Saturday, 27 June 2015

My 24 Hours of Magnesium Hell

*I wrote the following a week or so ago, and then didn't get free internet at a motel to publish it last weekend!  So here it is now, unedited so chock full of the same errors as the last post.  I sort of look at it as I wouldn't take the time to pick up the house if someone was coming over, so why take the time to sort out my grammar quirks?  They add character.  On another note we will hopefully be home in a week!!  Woot woot!!  So here it is, the next part in the installment!




24 hours of hell (aka I somehow avoid the ICU)

So…Bubs is safely out and stable in the NICU, breathing with the help of CPAP.  The Moose takes the first few pictures of her and comes to update me on how she is doing.  The midwives switched shifts at 11pm and I was left in the hands of a midwife who is extremely interested in and knowledgeable about pre-eclampsia.  I had constant company for at least the two hours after bubs was born.  The Moose came and went between my room and the NICU and eventually, when things were settled down enough, he went to his room at the backpackers where he had secured lodging for the night.  I chatted about politics and the environment and hospital waste with the pre-eclampsia midwife (as she shall now be known) for a while, and I think I was reasonably coherent at the time.
I am writing this nearly 3 weeks later, so some things are a bit hazy, but the one thing that I remember more than anything else was my sense of the world shrinking.  The only things that seemed to exist were the things within my room.  I didn’t think about bubs.  At all.  The Moose said she was doing fine, and I think I just took that for granted. 
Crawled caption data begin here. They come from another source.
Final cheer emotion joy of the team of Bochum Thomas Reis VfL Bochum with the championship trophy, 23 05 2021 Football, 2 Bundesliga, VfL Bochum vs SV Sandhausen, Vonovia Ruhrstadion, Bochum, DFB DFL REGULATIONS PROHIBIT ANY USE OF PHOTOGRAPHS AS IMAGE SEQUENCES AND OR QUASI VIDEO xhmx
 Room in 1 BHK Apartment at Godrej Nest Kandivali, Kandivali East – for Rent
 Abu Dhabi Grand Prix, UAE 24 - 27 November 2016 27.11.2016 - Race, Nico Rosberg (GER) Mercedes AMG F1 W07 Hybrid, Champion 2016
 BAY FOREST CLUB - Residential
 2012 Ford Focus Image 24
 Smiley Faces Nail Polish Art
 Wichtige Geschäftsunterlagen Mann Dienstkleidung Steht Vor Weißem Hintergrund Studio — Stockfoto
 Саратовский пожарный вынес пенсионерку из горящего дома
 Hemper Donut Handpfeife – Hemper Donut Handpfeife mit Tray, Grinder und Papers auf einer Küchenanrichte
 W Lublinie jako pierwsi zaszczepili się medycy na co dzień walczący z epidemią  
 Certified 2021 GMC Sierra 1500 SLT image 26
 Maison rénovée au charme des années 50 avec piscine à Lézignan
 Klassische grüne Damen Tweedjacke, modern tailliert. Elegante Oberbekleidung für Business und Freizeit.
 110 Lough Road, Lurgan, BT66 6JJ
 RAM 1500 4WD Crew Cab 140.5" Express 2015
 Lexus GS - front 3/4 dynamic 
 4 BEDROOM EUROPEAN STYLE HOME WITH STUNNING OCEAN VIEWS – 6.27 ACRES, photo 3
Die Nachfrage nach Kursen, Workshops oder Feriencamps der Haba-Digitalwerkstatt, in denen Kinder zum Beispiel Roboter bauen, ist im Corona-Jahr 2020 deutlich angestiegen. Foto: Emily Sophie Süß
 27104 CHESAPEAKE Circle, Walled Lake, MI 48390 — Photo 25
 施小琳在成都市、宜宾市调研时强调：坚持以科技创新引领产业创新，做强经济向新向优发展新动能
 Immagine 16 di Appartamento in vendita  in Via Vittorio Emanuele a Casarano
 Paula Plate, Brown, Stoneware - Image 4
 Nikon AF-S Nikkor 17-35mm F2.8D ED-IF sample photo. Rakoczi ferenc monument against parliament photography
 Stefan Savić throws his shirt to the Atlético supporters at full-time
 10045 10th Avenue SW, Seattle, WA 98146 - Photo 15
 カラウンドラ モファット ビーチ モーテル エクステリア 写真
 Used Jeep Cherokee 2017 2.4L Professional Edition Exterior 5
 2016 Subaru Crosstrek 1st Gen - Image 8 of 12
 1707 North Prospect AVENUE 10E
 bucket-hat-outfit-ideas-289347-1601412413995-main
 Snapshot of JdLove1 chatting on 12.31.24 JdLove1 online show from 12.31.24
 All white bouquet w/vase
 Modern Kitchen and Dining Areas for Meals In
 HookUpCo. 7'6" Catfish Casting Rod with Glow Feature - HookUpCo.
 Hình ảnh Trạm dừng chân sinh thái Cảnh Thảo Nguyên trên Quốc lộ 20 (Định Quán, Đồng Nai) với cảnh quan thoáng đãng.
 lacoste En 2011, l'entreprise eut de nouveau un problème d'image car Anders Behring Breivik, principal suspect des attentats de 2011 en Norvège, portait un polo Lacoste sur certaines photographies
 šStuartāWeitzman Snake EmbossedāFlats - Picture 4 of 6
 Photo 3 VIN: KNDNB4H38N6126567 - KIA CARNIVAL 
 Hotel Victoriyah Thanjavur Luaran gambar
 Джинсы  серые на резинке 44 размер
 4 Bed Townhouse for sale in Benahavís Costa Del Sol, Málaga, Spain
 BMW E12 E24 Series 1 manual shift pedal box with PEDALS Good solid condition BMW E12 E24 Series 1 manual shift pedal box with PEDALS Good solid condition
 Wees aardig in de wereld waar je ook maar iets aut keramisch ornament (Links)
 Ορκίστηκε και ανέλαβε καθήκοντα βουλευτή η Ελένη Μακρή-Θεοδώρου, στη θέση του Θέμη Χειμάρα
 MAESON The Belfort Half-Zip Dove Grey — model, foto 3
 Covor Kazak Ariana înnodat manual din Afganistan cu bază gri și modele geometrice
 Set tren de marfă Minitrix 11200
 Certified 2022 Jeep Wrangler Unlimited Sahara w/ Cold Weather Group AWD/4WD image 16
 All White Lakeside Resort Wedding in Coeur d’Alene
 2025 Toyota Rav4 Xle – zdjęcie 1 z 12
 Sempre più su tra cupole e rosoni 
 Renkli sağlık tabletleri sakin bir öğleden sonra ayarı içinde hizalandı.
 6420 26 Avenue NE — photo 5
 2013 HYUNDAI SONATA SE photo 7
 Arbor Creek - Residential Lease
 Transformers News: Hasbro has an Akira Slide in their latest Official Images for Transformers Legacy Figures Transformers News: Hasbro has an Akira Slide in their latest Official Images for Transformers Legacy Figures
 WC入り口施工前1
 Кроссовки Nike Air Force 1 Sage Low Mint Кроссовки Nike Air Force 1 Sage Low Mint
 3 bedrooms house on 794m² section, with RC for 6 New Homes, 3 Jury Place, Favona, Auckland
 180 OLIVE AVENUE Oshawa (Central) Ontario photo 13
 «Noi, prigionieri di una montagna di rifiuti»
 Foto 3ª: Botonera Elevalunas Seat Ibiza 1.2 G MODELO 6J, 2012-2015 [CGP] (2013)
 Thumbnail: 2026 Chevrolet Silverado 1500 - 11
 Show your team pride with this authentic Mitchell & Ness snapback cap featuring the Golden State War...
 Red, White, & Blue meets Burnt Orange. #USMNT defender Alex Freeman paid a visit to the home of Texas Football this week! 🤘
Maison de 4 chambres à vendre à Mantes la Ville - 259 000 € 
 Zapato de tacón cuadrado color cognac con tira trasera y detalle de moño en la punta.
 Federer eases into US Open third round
The thing is, magnesium really knocked me around.  I thought I was feeling good at first, that it wouldn’t be a problem, but as I progressed through the next 24 hours of it, I grew more and more lethargic, found it harder and harder to concentrate, or to even give a f*ck.  I was on morphine and Tylenol for the pain, and I have no idea what was in the spinal block or how long that lasted or what effect it could have on me, but I am pretty sure that 99% of that hell was the magnesium.  Like I said, my world shrunk down to include pretty much just myself and whatever was within arm’s reach. 
So, after the first few hours of constant monitoring, lots of blood tests, and so on, the night (and the next day) fell into an hourly routine that began and ended on the half of every hour.  The world outside of this reality simply did not exist for me.  Because I was on fluid restrictions, and was receiving fluid through the iv with the magnesium, once an hour I was given 70 ml to drink.  I think that is something like 3 oz.  It had to last me until the next hour, when anything left (ha!) would be dumped and I would get a new 70 ml.  As I was given that, my output through the catheter was measured, my ivs checked, my blood pressure checked, and my reflexes checked (let’s just say those went from pathologically brisk to nearly non-existent).  Periodically throughout the night and following day someone would come to take my blood.  All this would take 5-30 minutes depending on if the midwife stayed to chat (and I chatted a lot with some of them), and during this time I would sip on my 70ml.  Then I would sleep for half an hour until they came back to start the whole thing all over again.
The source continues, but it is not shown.